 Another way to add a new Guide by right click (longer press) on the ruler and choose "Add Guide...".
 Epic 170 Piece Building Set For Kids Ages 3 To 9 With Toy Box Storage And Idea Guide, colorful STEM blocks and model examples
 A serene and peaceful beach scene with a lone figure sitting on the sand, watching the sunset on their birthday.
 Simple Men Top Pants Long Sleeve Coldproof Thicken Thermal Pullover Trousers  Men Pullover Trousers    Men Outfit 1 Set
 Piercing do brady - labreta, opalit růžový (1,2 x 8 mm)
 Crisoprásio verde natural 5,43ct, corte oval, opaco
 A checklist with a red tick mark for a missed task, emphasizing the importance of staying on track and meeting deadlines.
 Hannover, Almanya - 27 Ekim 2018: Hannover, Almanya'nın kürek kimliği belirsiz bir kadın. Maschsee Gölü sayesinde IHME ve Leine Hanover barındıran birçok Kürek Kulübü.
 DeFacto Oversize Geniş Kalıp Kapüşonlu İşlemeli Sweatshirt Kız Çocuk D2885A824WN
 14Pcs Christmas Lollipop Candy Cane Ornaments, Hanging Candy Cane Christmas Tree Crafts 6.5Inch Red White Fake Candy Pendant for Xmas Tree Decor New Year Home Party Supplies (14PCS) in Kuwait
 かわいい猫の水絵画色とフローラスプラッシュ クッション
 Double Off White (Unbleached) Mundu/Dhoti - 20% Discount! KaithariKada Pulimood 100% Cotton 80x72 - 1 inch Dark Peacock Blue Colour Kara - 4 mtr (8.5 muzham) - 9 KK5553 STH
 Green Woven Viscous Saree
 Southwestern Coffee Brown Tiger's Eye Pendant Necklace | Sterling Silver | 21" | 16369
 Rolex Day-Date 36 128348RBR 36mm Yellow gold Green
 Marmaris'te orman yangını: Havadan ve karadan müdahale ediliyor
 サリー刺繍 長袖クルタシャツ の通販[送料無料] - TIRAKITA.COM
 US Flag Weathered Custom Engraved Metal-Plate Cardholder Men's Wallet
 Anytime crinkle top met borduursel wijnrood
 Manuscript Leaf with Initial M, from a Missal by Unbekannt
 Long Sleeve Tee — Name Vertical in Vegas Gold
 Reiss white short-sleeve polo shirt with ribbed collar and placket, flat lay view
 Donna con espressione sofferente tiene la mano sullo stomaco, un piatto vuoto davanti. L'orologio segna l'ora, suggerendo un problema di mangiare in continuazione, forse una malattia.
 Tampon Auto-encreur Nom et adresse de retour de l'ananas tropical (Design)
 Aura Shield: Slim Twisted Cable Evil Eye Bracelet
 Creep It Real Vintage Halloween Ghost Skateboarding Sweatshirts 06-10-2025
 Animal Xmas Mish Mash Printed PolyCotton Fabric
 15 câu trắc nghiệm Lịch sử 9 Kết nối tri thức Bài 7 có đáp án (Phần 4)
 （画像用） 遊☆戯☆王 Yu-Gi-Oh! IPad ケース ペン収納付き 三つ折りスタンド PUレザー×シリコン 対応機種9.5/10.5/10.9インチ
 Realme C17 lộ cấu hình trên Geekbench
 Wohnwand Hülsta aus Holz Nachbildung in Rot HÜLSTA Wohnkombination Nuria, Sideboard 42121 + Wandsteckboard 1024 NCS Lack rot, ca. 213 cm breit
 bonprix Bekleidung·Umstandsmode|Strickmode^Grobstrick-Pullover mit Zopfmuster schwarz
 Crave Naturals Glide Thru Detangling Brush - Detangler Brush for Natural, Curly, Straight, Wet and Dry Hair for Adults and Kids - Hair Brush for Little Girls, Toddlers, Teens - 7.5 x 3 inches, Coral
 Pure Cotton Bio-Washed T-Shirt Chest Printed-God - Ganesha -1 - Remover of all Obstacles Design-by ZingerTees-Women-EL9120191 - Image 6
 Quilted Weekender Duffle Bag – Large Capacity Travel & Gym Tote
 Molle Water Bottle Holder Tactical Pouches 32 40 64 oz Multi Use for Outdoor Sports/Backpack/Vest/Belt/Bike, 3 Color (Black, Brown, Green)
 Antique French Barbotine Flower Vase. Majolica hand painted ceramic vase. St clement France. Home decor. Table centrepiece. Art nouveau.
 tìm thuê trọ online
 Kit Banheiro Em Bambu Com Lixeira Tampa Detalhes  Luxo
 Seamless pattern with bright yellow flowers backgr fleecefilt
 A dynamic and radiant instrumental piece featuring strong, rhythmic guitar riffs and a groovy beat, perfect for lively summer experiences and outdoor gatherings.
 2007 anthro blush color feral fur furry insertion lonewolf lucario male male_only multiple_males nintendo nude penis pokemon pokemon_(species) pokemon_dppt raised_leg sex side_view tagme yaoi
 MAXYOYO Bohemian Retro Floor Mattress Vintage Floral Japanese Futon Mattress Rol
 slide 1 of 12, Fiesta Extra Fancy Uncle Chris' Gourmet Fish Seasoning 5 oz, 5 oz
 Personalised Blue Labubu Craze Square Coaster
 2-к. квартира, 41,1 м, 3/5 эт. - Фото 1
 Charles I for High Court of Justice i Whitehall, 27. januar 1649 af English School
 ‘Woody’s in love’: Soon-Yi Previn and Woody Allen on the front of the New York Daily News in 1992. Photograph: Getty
# # #
▶ [ASSIGNED TASK]: Scan the listing for the string "Xmas" and copy every line that carries it.

▶ [SOLUTION FOR THIS PROBLEM]:
 14Pcs Christmas Lollipop Candy Cane Ornaments, Hanging Candy Cane Christmas Tree Crafts 6.5Inch Red White Fake Candy Pendant for Xmas Tree Decor New Year Home Party Supplies (14PCS) in Kuwait
 Animal Xmas Mish Mash Printed PolyCotton Fabric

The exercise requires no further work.